I want one!!! i'm mos a professional vaper!!! LOL, awesome review!!!! HEHE

Reactions: Like 2


----------



## Mike (18/11/14)

This made me happy. Who cares if it's a shit review or someone punting their product, dude's trying his best and it's quite endearing. Also, I like that he chokes on 30W. Makes me feel a little more human than seeing these crazy peeps vape 100W.

Reactions: Like 2


----------



## Dubz (18/11/14)

OMG!!! I can't stop laughing

Reactions: Like 2


----------



## JW Flynn (18/11/14)

well at least he is trying to do this in English, trust me, as someone that was in Tokyo and Beijing just the other day, you desperately look for someone that can actually speak English, so this is actually quite good, hehe, but still, probably one of the best reviews and most entertaining ever... Are you a professional vaper??? ROFLMAO

Reactions: Like 3


----------



## annemarievdh (18/11/14)

Tell me how do you become a professional vapor, do you start by winning small competitions, work your way up to nationals, and then internationals. Is there something like a pro vapor.  

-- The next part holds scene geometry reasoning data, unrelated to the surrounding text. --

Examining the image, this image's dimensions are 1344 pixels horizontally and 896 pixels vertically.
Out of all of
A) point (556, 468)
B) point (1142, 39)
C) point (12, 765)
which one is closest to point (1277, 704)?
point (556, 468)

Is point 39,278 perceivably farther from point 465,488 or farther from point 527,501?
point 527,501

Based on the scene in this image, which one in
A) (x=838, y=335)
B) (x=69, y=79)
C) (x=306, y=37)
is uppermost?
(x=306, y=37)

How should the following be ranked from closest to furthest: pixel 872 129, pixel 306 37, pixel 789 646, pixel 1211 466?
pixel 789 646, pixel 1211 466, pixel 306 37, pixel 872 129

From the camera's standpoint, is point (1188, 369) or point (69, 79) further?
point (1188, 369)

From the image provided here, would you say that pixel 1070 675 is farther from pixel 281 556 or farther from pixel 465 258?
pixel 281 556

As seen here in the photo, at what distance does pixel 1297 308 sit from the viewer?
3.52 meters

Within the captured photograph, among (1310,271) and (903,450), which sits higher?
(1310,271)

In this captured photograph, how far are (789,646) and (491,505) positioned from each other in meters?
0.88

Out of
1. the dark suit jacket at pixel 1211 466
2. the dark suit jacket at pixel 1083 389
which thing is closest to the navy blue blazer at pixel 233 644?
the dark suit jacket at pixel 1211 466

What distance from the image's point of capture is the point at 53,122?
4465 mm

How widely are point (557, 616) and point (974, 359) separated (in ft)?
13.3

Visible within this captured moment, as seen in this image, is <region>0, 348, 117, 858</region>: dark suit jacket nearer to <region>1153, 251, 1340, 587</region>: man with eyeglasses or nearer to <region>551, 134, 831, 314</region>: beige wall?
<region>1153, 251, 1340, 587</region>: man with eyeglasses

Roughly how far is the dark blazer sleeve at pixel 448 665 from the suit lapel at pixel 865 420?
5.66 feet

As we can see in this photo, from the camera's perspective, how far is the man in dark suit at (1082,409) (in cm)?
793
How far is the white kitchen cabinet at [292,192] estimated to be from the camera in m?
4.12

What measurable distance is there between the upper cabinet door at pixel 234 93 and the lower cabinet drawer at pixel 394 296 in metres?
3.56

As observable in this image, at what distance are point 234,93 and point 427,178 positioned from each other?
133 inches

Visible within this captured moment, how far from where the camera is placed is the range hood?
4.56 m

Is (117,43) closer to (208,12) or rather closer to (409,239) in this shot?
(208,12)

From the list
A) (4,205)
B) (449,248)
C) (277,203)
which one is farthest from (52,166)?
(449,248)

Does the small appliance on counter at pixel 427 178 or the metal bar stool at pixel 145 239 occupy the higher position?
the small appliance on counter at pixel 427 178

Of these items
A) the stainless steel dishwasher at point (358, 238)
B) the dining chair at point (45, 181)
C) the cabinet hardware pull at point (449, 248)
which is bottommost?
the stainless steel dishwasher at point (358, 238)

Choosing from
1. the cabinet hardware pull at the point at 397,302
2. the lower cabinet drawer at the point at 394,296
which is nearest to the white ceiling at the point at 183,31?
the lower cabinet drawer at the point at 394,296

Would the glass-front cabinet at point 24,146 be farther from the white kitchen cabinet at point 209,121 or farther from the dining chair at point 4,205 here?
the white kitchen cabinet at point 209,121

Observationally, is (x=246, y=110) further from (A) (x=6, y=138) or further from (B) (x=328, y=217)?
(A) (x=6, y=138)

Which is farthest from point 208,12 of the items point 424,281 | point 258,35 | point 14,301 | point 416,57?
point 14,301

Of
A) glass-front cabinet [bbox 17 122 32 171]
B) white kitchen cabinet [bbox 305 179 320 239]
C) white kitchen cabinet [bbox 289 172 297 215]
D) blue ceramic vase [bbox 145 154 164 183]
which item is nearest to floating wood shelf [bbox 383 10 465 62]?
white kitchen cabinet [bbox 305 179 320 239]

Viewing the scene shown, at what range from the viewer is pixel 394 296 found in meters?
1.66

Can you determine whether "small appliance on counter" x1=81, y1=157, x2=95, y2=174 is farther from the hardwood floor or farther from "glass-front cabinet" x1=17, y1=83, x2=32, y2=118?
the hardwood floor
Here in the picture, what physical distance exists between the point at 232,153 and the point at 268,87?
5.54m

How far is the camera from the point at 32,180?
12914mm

Send while vaping on the Reo mini Thor

Reactions: Like 2 | Funny 2


----------



## Yiannaki (18/11/14)

Lol!!!! Awesome find @Alex  

I had a good laugh watching this  

Couldn't watch the whole vid tho  it got a bit painful to hear him speak a few minutes in 

260 W is madness! That's enough to light up ones internal organs

Reactions: Like 1 | Thanks 1


----------



## Mike (18/11/14)

annemarievdh said:


> Tell me how do you become a professional vapor, do you start by winning small competitions, work your way up to nationals, and then internationals. Is there something like a pro vapor.



Survive vaping 260W?

Reactions: Like 3


----------



## huffnpuff (18/11/14)

JW Flynn said:


> I want one!!! i'm mos a professional vaper!!! LOL, awesome review!!!! HEHE


Sure, they're only 599.99 UK Pounds!!!!

Seriously, this vid is so compelling, the flamer, vaping the flamed wick and a few dry hits after, choking, coughing, tears and sniffing, you just want to see what comes next.... a masterpiece of self-mutilation.

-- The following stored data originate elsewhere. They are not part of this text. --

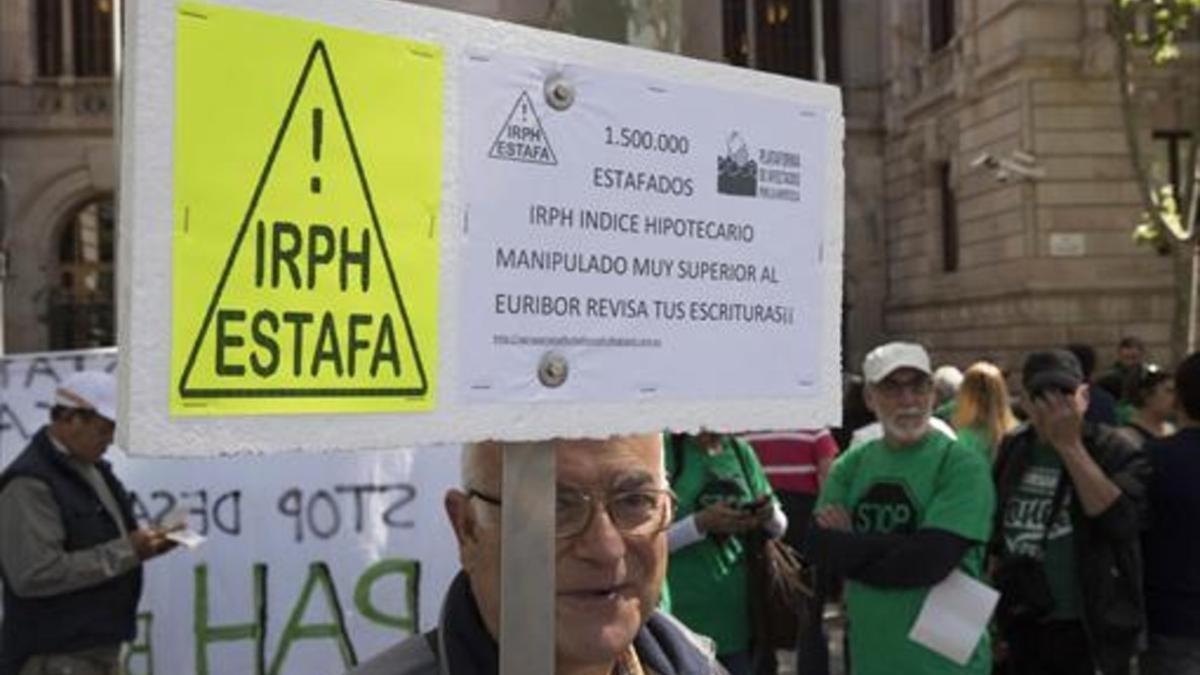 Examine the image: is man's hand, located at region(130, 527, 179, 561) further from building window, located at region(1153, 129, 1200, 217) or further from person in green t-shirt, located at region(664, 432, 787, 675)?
building window, located at region(1153, 129, 1200, 217)

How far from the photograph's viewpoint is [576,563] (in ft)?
6.54

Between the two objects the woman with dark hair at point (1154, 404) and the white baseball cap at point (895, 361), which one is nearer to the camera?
the white baseball cap at point (895, 361)

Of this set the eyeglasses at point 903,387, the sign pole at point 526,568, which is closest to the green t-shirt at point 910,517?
the eyeglasses at point 903,387

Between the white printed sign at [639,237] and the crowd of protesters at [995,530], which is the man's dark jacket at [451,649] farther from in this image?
the crowd of protesters at [995,530]

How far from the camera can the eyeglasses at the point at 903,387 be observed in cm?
497

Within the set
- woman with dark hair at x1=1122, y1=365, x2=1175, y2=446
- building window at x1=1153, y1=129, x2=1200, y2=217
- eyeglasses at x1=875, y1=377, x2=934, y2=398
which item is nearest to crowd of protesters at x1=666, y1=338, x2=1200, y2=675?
eyeglasses at x1=875, y1=377, x2=934, y2=398

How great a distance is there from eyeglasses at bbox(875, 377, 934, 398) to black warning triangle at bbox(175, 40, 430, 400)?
3.50m

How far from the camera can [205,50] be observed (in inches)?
58.7

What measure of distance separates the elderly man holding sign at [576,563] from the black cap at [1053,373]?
Answer: 10.5 feet

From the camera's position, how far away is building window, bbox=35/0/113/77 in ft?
103

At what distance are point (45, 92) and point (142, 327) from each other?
3169 cm

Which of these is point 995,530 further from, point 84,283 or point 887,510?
point 84,283

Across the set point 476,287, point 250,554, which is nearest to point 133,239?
point 476,287

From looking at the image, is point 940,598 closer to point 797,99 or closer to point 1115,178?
point 797,99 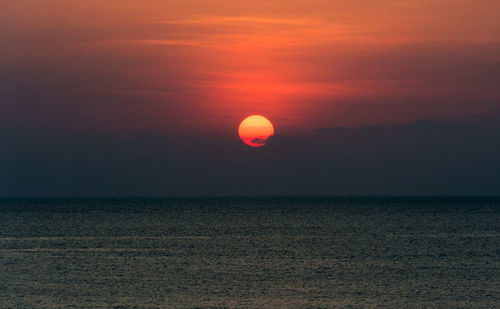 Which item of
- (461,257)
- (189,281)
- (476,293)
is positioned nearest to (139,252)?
(189,281)

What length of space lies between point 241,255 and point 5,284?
1536cm

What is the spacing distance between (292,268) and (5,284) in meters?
12.6

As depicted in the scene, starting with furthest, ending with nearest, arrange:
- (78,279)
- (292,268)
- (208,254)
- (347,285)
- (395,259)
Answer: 1. (208,254)
2. (395,259)
3. (292,268)
4. (78,279)
5. (347,285)

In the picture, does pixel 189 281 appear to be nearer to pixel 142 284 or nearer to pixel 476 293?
pixel 142 284

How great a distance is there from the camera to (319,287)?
25234mm

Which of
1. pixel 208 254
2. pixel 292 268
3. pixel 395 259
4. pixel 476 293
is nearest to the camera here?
pixel 476 293

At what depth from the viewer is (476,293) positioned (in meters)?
23.9

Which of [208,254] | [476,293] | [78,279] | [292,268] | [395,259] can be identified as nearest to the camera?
[476,293]

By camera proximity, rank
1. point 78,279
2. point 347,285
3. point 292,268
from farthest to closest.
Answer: point 292,268
point 78,279
point 347,285

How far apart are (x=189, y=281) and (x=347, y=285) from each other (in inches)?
246

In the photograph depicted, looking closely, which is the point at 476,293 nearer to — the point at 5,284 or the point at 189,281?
the point at 189,281

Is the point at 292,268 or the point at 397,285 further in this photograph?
the point at 292,268

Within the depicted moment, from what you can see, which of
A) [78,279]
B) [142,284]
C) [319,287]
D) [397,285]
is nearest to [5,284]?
[78,279]

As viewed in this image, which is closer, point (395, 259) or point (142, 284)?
point (142, 284)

Reactions: Like 1 | Agree 1 | Winner 1


----------



## gman211991 (18/11/14)

Wanna strap that to my car for that extra boost... Lol cpuld prob power a prius with that but it would probably explode.

Reactions: Like 2


----------



## LandyMan (19/11/14)

Hell, imagine the taste coming out of that most awesome variant box mod after turning the atty into an incinerator 

Sent from my GT-P6800 using Tapatalk

Reactions: Like 1 | Agree 1


----------



## GerharddP (19/11/14)

LandyMan said:


> Hell, imagine the taste coming out of that most awesome variant box mod after turning the atty into an incinerator
> 
> Sent from my GT-P6800 using Tapatalk



Well should be about in the region of crackling and sucking your blowtorch.

Reactions: Like 1


----------



## Silver (20/11/14)

Thanks @Alex

Interesting. Also only watched the first few minutes
Brave chap and i admire his enthusiasm

What I find interesting is the huge vapour he was producing at 10W !
Quite impressive

Reactions: Like 2 | Agree 1


----------



## Rellik (22/11/14)

Silver said:


> Thanks @Alex
> 
> Interesting. Also only watched the first few minutes
> Brave chap and i admire his enthusiasm
> ...


Yeah @Silver I also noticed that. Funny thing that he is reviewing a 260w mod, but turns it down to 10w to actually be able to vape it. Someone please send him a MVP. I think thats in his range

Reactions: Funny 1


----------